Ok, I’m back.
This time prompted by sheer enthusiasm, which I have promised myself is the only way I will blog in future.
I’m excited to hear that Matthew Parris is enamoured with our fair city and echos the comments made by Trevor Beattie in my interview with him the other week.
In his column for The Times, Matthew mulls over a new motto for the UK (it was mooted some time back that Gordy was looking for one). Inspiration came during his speech at Birmingham Foward’s annual dinner:
The perfect national motto. It came to me while addressing a dinner given by the Birmingham Forward association of regional businesses. Birmingham is looking great these days, and I said how much nicer it was to encounter a city where people undersold themselves, than places (but let’s leave Manchester out of this) that were up their own bottoms.

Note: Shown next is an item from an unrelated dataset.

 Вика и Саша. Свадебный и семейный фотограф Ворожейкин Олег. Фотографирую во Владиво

An MP and archetypal young thruster of a Government minister, Liam Byrne, had recently bewailed what he called the West Midlands’ “malaise of modesty”. Modesty a malaise! How very new Labour. A pleasantly low-key attitude to themselves is one of the great assets of West Midlanders. So I suggested a new motto for Birmingham, which the audience seemed to like.
Philip Howard, the classicist of The Times, has helped me to translate it into Latin, and the five-word motto would be splendid, in fact, for Britain itself – except that it undermines the whole Brownite constitutional project.

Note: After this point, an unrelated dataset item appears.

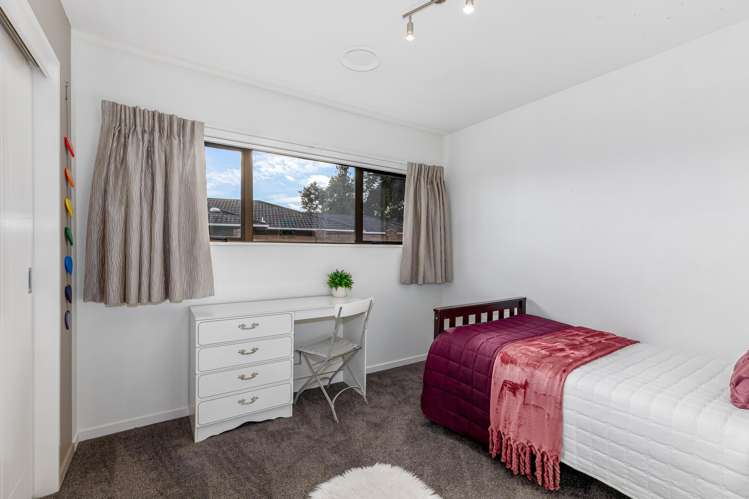7 King Charles Drive Kingsley Heights_25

Ne nostra in fundamenta subeamus: “Let us not climb up our own bottoms.”
It’s true that, in many ways, Birmingham has undersold itself through modesty. Trevor Beattie suggested that if we could temporarily adopt the arrogance of the Mancunians, then we might raise our profile a bit.
But I think perhaps it isn’t arrogance we need. I think it’s confidence and a little bit of self belief.
We’ve taken the knocks because there are some idiots that insist on judging the city using anachronistic stereotypes. And, perhaps, that’s made us play safe on some issues.
Yet, in my experience, Birmingham has masses of talent, passion and creativity. Perhaps we just need to be a little braver and give less of a stuff what everyone else thinks.
With a bit of self belief we could use our modesty to our advantage. After all, being great isn’t about shouting the loudest, it’s about doing things better than everyone else!